KNLO: après le laboratoire, la rencontre

Né à Québec, Akena Lohamba Okoko habite désormais dans Hochelaga-Maisonneuve, quartier qui l’inspire dans son écriture.
Photo: Pedro Ruiz Le Devoir Né à Québec, Akena Lohamba Okoko habite désormais dans Hochelaga-Maisonneuve, quartier qui l’inspire dans son écriture.

En 2007, le rappeur et musicien KNLO entamait la création d’une longue série de disques numériques faits d’expérimentations instrumentales oscillant autour du rap et de l’électro. Plus d’une dizaine de compilations plus tard, faites en parallèle de sa participation au réputé collectif Alaclair Ensemble, le trentenaire lance ce vendredi un premier véritable disque solo, avec ses propres rythmes et textes, question de sortir du laboratoire.

Il a de la gueule, KNLO, de son vrai nom Akena Lohamba Okoko, né à Québec d’un père congolais et d’une mère née en Mauricie. Il a le grand sourire aux lèvres, un ton de voix un peu nasillard mais plein de vie, la démarche leste du sportif, gardant un profil bas malgré son CV chargé — en plus de son travail avec Alaclair, il a été membre de K6A et de Movèzerbe.

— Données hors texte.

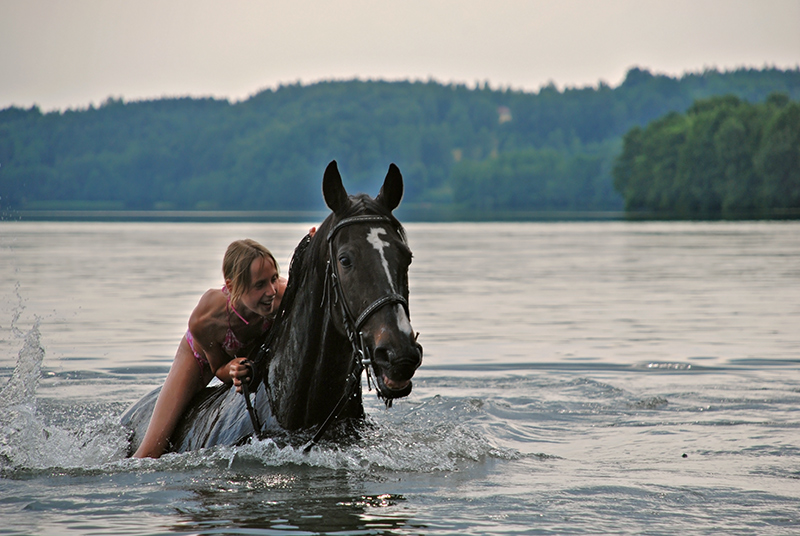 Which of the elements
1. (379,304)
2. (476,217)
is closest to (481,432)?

Ce premier disque lancé ce vendredi, intitulé Long jeu, lui a permis de revenir au calepin et au crayon, ce qui comblait quelque part « l’envie de plus faire de la chanson, d’être dans la rencontre, la discussion, et moins dans le laboratoire. »

Et qu’est-ce qui a déclenché ce changement d’approche ? « Sans exagérer, je dirais la peur de perdre l’écriture. À part avec Alaclair au chalet [pendant la création des albums], j’ai fait seulement quelques “ tounettes ”, avec des lyrics en loop, j’ai vraiment pas beaucoup écrit. C’était un constat et une résolution de 2015, c’était même antérieur à l’idée de faire un album. »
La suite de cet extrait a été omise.